Вопрос о Копернике для Урбана был совершенно ясен. На то ведь он и папа римский, чьи суждения непогрешимы!
— Не приходится опасаться, — закончил Урбан свой разговор с кардиналом Цоллерном, — что найдется человек, который неопровержимо докажет истинность Коперникова учения. Этого никогда не случится!
Но почему Урбан не проявил и тени недовольства, когда Галилей в беседах с ним касался движения Земли? Не знал ли он о «частном» запрете или не находил нужным связывать себя постановлением одного из своих предшественников? А может быть, Урбан так милостив только при беседах во дворце, среди узкого круга лиц? Не последует ли грозного окрика, если он, Галилей, станет трактовать запретную для него тему в более широкой аудитории? Выяснить это было крайне необходимо. От этого зависело дальнейшее осуществление его научных планов и, главное, зависело, увидит ли когда-нибудь свет «Система мира». Галилей задумал пустить такой пробный шар.

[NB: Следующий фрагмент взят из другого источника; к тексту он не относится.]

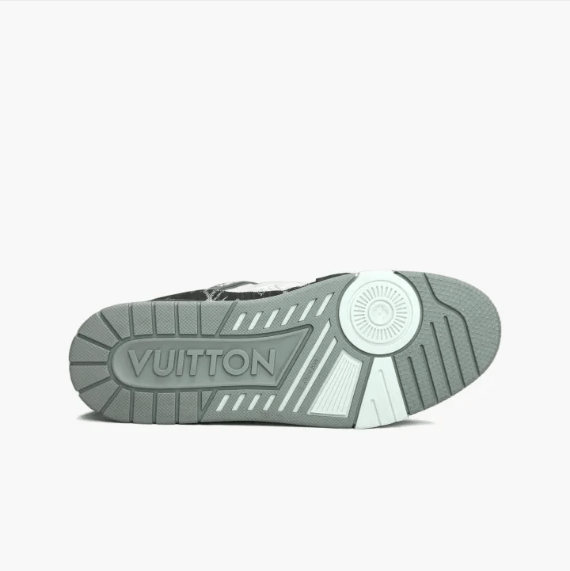 Louis Vuitton Louis Vuitton low-top shoes Size US 9 / EU 42 - 10 Thumbnail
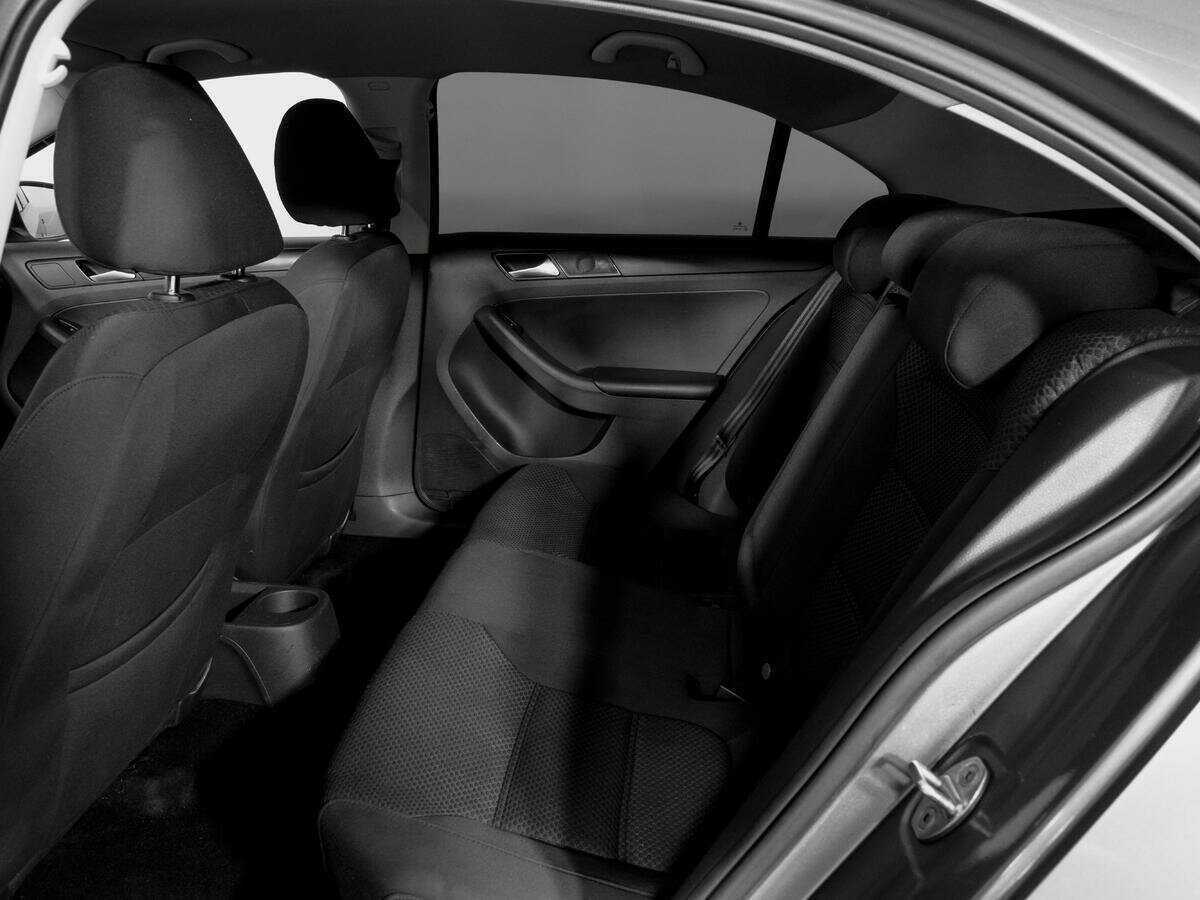 Volkswagen Jetta с пробегом — 2014 год. Фото: #9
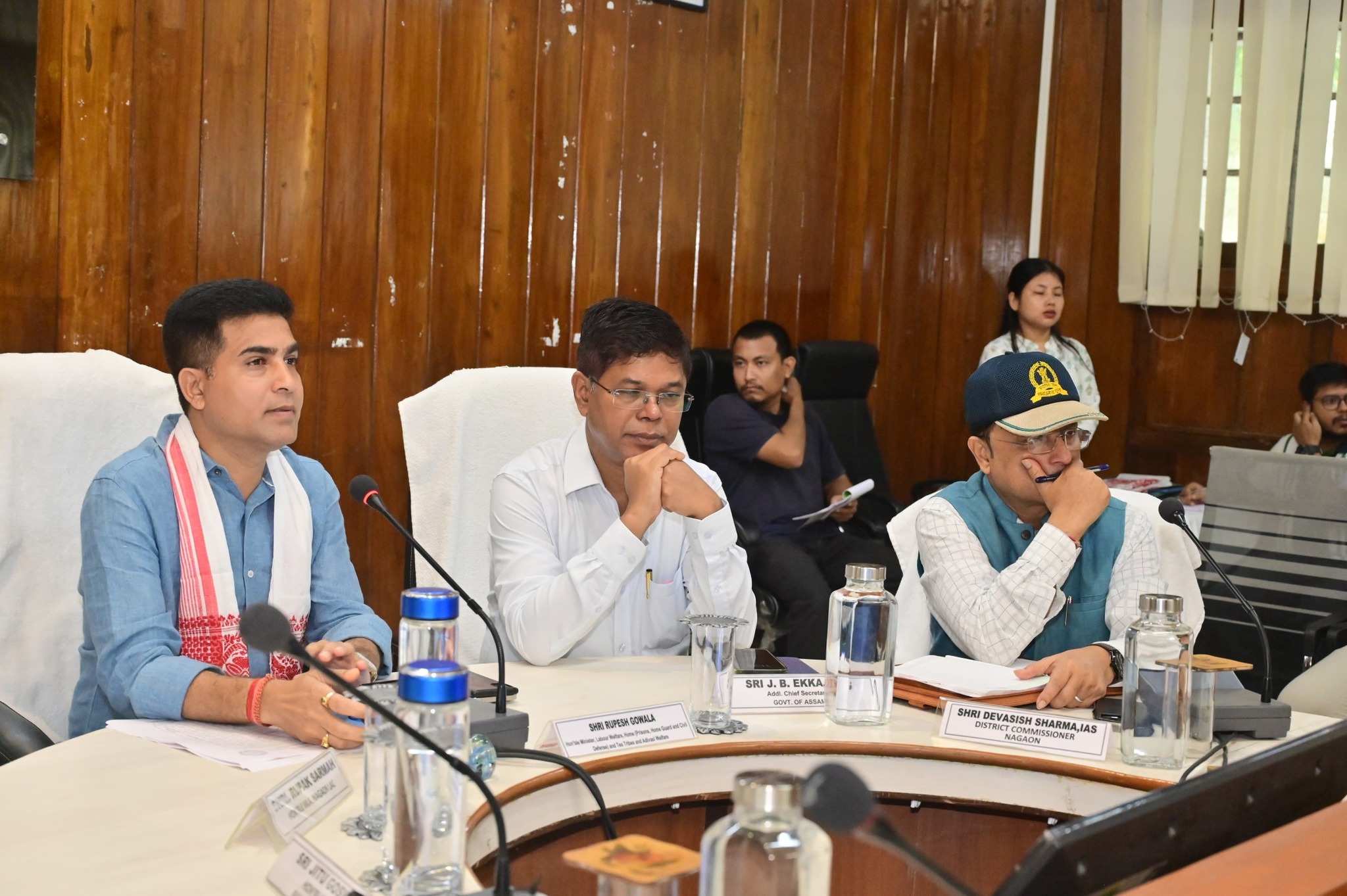 নগাঁৱত মন্ত্ৰী ৰূপেশ গোৱালাৰ পর্যালোচনা বৈঠক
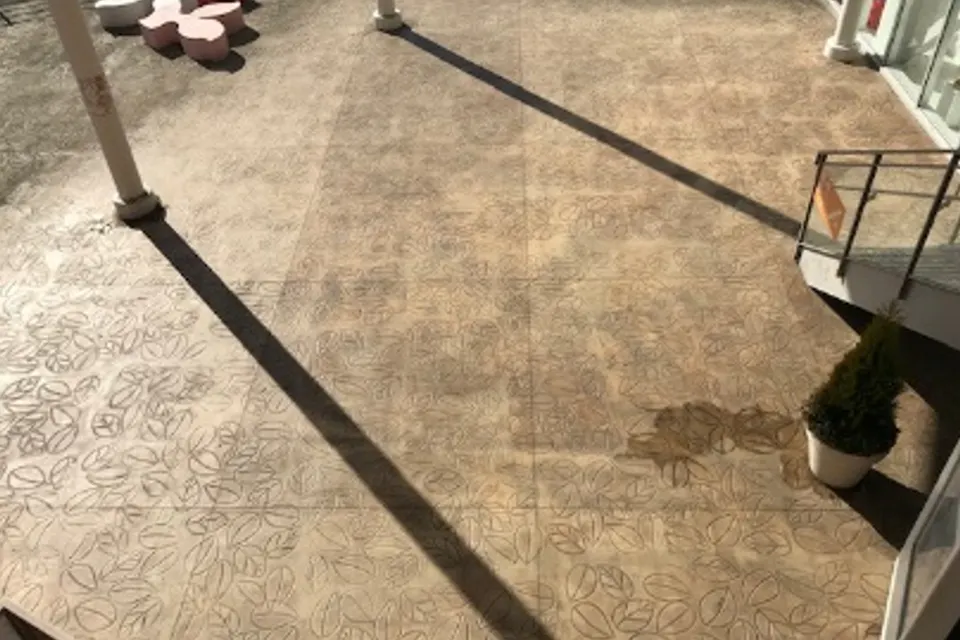 【三井アウトレットパーク 入間】1階 サウスプラザ ゲート外A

Он часто слышал, как восхваляли Тихо Браге: тот-де доказал неприемлемость воззрений Коперника как с богословской, так и с астрономической и философской стороны. В 1616 году, когда обсуждался вопрос об отношении к Коперникову учению, Франческо Инголи, весьма образованный клирик, знаток права и полиглот, спорил с Галилеем о движении Земли, а потом прислал ему свое «Рассуждение относительно места и недвижимости Земли против системы Коперника». Это была обычная перипатетическая стряпня, приправленная резонами Тихо Браге. Однако она сыграла свою роль: Беллармино тоже, кажется, отнесся к ней с вниманием. А Кампанелла, прочтя опус Инголи, тут же вызвался его опровергнуть. Декрет был уже издан — Кампанеллу это не останавливало. Галилей разделял его возмущение, но не мог, разумеется, не видеть всей опасности столь несвоевременного намерения.